Le député LFI Adrien Quatennens, qui a annoncé son retour à l’Assemblée nationale malgré sa suspension pour quatre mois du groupe, « manque de retenue », a estimé jeudi son collègue François Ruffin, tandis que la cheffe du groupe Mathilde Panot a défendu « sa liberté ».
Le député LFI du Nord, condamné mardi à quatre mois de prison avec sursis pour violences conjugales, a donné deux interviews distinctes dans lesquelles il a dénoncé un « lynchage médiatique » et annoncé son retour dans l’hémicycle « vraisemblablement dès le mois de janvier », répétant ne pas être « un homme violent ».
« Le jour même où on a une condamnation quand même pour violences conjugales, réagir en direct dans un grand média, je trouve que ça manque de retenue », a déclaré jeudi François Ruffin sur RTL.

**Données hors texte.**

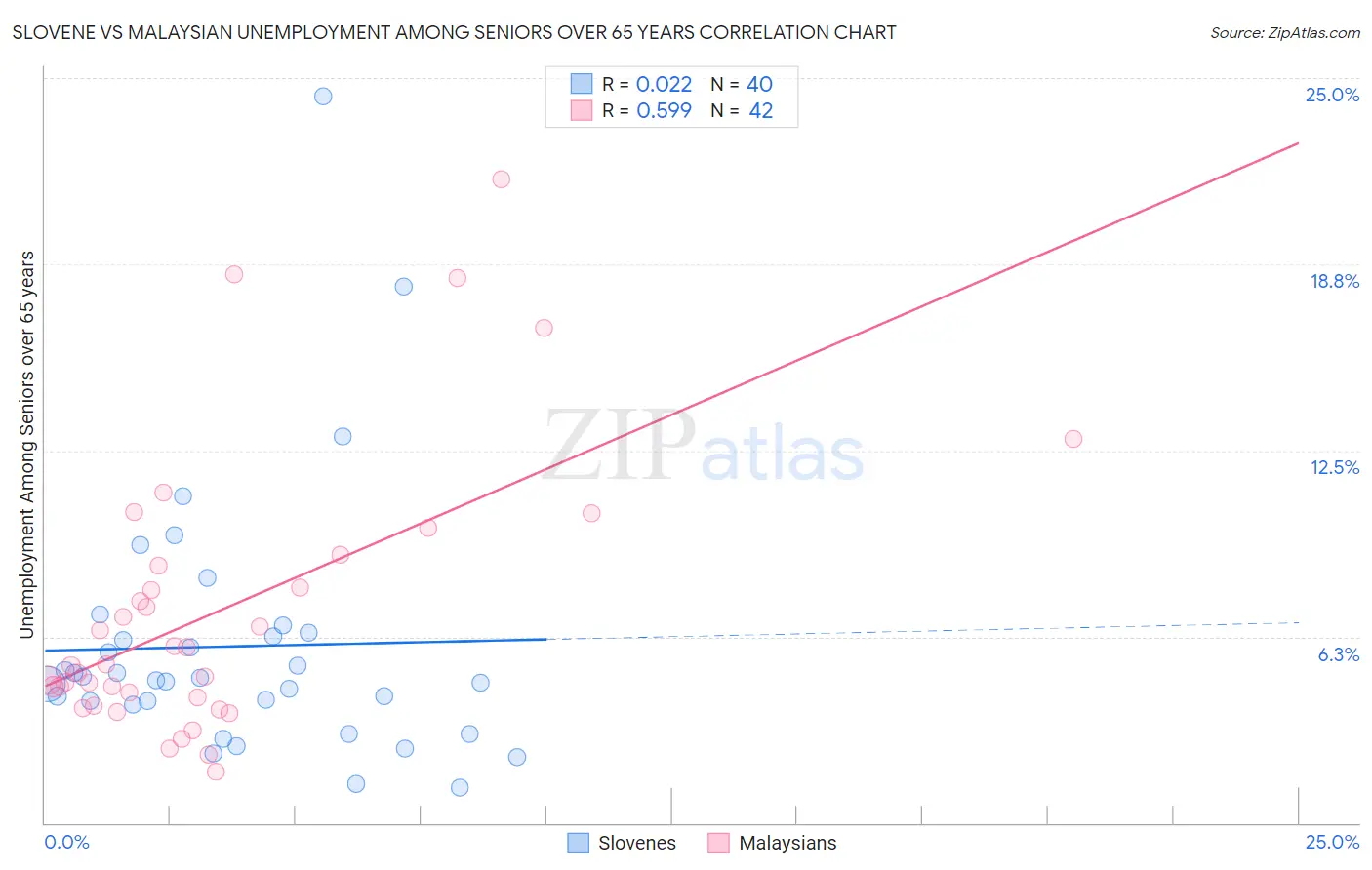 Slovene vs Malaysian Unemployment Among Seniors over 65 years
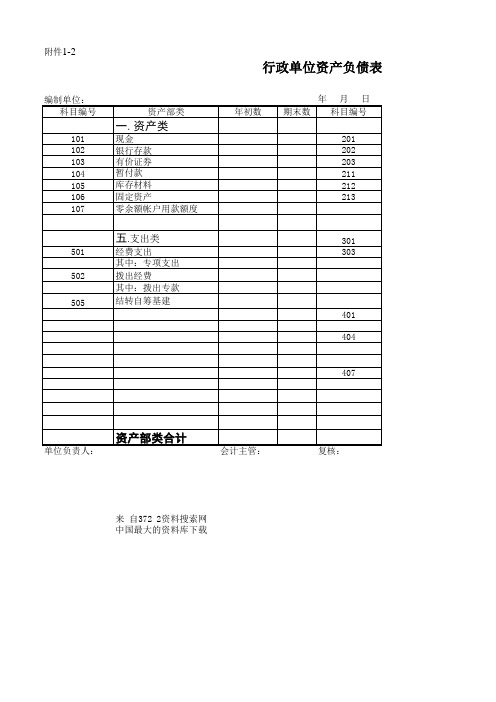 行政单位资产负债表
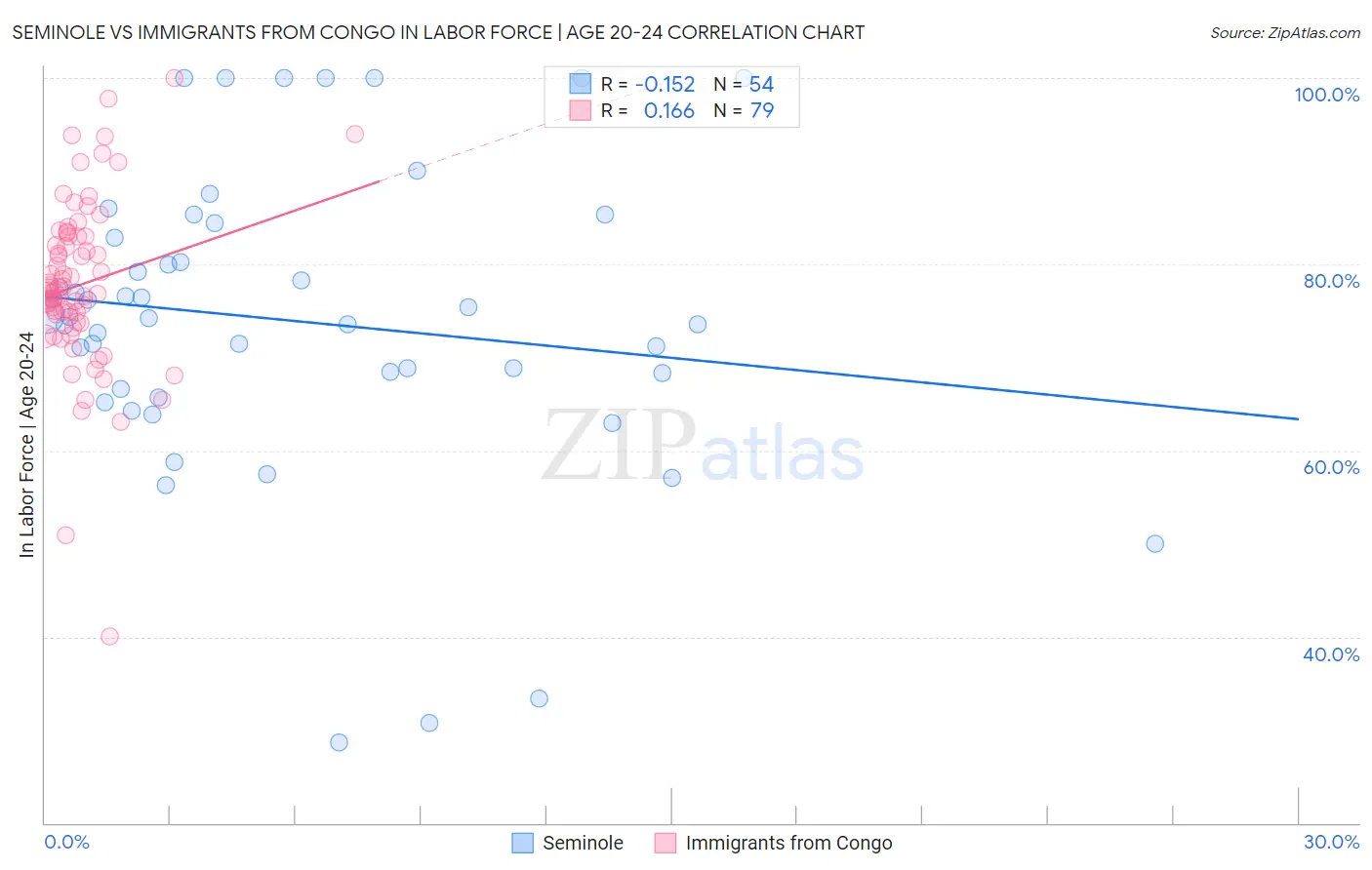 Seminole vs Immigrants from Congo In Labor Force | Age 20-24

Se disant « solidaire » de la décision du groupe LFI d’une « radiation » de quatre mois, jusqu’au 13 avril, il a rapporté qu’il avait, dans la discussion préalable au vote, défendu « une année sabbatique » pour Adrien Quatennens.
Cela « n’aurait fait de mal à personne » pour « reprendre ses esprits », avoir « un temps de digestion » pour se demander quoi faire de cette sanction pour « soi-même », « pour la société », « pour la politique », a expliqué le député de la Somme.
Quant à la suite, « c’est au peuple de décider à la fin si jamais Adrien Quatennens a un avenir en politique ou pas », selon François Ruffin.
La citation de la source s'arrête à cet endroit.